Since its release, the Azure Information Protection scanner has been adopted by many different types of customers. For example, some small businesses have deployed single scanners to address all their data at rest, others deployed a few machines in different locations or a few machines for the purpose of redundancy, while companies that needed to deal with petabytes of data may have deployed dozens of scanner instances, – such as internally at Microsoft, in which we deployed more than 40 scanners. Large enterprise customers faced increasing TCO, mainly driven by administration overhead and attempts to distribute the load between scanners.
Consistent feedback also came from customers adopting our unified labeling platform and moving to the Azure Information Protection Unified Labeling client. The Unified Labeling client allowed customers to use more flexible automatic rules on their endpoints but they could not leverage this flexibility on the scanner that its core functionality is discovery and labeling based on automatic rules. Customers also needed to maintain their labels and conditions in both Office 365Security and Compliance Center and in the Azure portal (in order to manage conditions used by Azure Information Protection scanner).

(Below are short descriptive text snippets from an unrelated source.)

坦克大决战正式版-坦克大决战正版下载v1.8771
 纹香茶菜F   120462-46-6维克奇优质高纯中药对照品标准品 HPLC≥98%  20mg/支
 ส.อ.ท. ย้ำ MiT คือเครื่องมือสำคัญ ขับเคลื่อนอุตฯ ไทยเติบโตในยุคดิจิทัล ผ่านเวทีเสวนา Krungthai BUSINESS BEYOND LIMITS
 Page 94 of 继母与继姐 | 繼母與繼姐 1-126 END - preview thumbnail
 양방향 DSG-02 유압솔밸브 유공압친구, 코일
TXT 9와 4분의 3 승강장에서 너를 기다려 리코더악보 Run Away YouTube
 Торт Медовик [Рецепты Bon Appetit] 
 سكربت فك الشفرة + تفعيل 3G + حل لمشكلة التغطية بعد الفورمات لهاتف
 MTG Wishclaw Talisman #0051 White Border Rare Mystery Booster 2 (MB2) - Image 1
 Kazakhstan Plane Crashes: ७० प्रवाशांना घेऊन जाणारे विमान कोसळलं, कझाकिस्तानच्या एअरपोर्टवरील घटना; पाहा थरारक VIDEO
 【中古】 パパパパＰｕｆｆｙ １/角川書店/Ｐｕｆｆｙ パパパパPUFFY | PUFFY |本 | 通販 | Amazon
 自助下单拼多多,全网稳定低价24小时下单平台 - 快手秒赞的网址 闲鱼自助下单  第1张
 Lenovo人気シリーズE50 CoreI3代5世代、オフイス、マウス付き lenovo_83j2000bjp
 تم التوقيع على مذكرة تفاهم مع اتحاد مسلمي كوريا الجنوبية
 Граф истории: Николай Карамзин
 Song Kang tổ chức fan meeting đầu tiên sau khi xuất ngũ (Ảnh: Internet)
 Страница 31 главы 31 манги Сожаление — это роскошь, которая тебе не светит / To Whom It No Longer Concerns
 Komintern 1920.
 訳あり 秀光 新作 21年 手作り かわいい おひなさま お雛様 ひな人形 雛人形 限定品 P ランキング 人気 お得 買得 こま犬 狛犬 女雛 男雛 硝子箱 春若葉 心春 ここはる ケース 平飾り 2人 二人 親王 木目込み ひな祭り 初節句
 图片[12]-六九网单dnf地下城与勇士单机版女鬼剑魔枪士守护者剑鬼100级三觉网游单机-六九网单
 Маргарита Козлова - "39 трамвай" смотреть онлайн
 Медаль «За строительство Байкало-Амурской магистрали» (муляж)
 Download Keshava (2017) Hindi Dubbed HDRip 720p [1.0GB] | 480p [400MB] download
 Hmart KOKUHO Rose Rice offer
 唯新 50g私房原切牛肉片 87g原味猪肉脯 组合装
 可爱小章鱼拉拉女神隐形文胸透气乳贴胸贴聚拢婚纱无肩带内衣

Unified labeling scanner is here to address scale out needs!
Finally, AIP scanner for unified labeling is here! Now you can completely move your label and policy management to O365 Security and Compliance Center and complete the migration to unified labeling platform. This allows you to use custom info types and dictionaries on the AIP scanner, tweak built-in info types, define confidence levels etc.
The Azure Information Protection scanner architecture was redesigned and in addition to adoption of MIP SDK that improves the performance of single nodes you can now group your scanners in clusters that service the same scanner profile. You no longer need to try to distribute repositories between different scanner nodes in order to achieve equal volumes scanned by every node. Now you can just set one profile and put all the repositories in the same profile (we still recommend separate profiles per geo location / data center) and add all the nodes to this profile. SQL DB, now holds core role as the orchestrator of the cluster, will take care of equal distribution of load, detect deactivated nodes, taken, for example due to maintenance or patching, and reallocate incomplete jobs to active scanner nodes. Added nodes to the profile will join current scan effort and get instructions to scan the next bunch of files. This provides simplified management and elastic growth and can help you reduce the number nodes based on volume that is needed to scan. For example you can start with 50 scanners to complete the initial scan of petabytes of data and then reduce the cluster to 5 nodes to scan subsequent newly created files in the repository.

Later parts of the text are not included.